Problem statement
The material below has pictures in it. Set down only the lines from the line containing "Cetaphil Cleansing Cloth Wipes, 25pcs" through the line containing "Light Therapy Nail", word for word, and leave the pictures behind.
Start of Supplied data
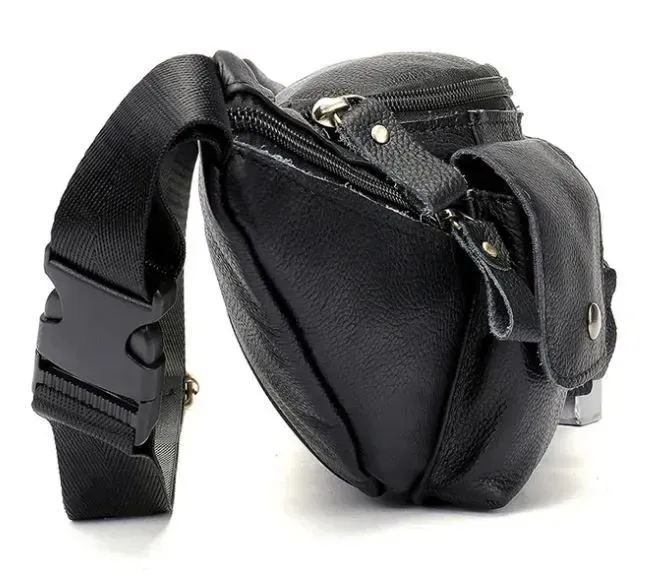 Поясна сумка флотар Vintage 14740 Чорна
End of Supplied data
Start of Supplied data
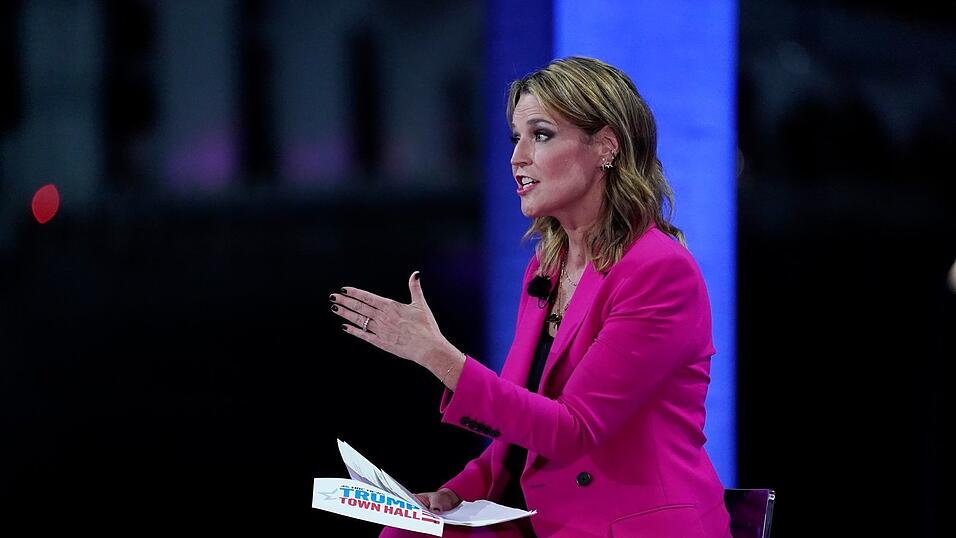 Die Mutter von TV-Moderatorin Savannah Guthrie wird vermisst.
End of Supplied data
Start of Supplied data
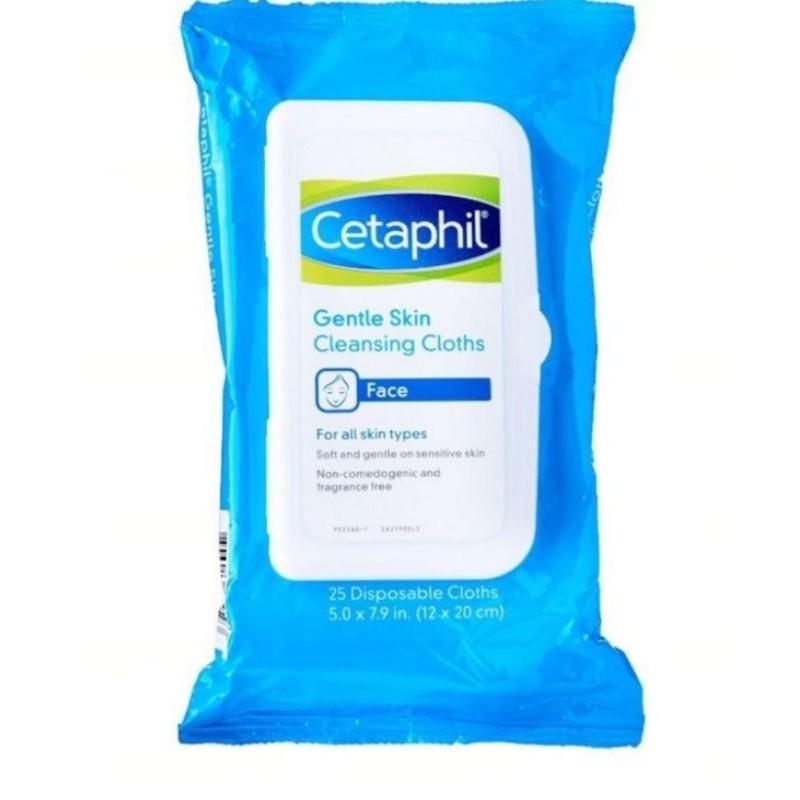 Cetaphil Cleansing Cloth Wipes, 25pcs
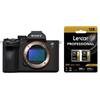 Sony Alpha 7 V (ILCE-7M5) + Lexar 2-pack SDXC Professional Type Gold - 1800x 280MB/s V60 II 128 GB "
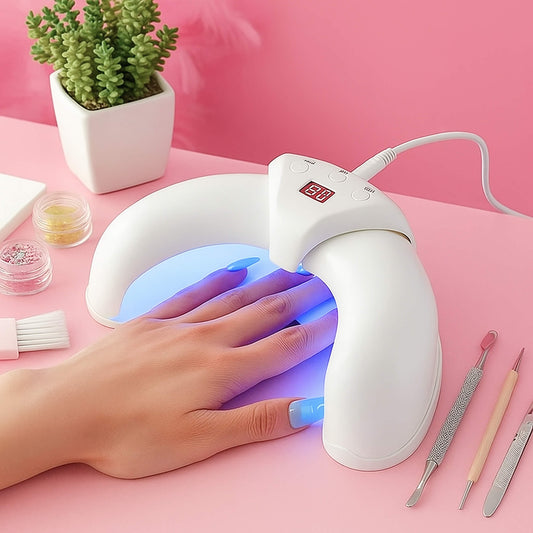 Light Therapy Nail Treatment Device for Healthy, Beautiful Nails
End of Supplied data
Task response
 Cetaphil Cleansing Cloth Wipes, 25pcs
 Sony Alpha 7 V (ILCE-7M5) + Lexar 2-pack SDXC Professional Type Gold - 1800x 280MB/s V60 II 128 GB "
 Light Therapy Nail Treatment Device for Healthy, Beautiful Nails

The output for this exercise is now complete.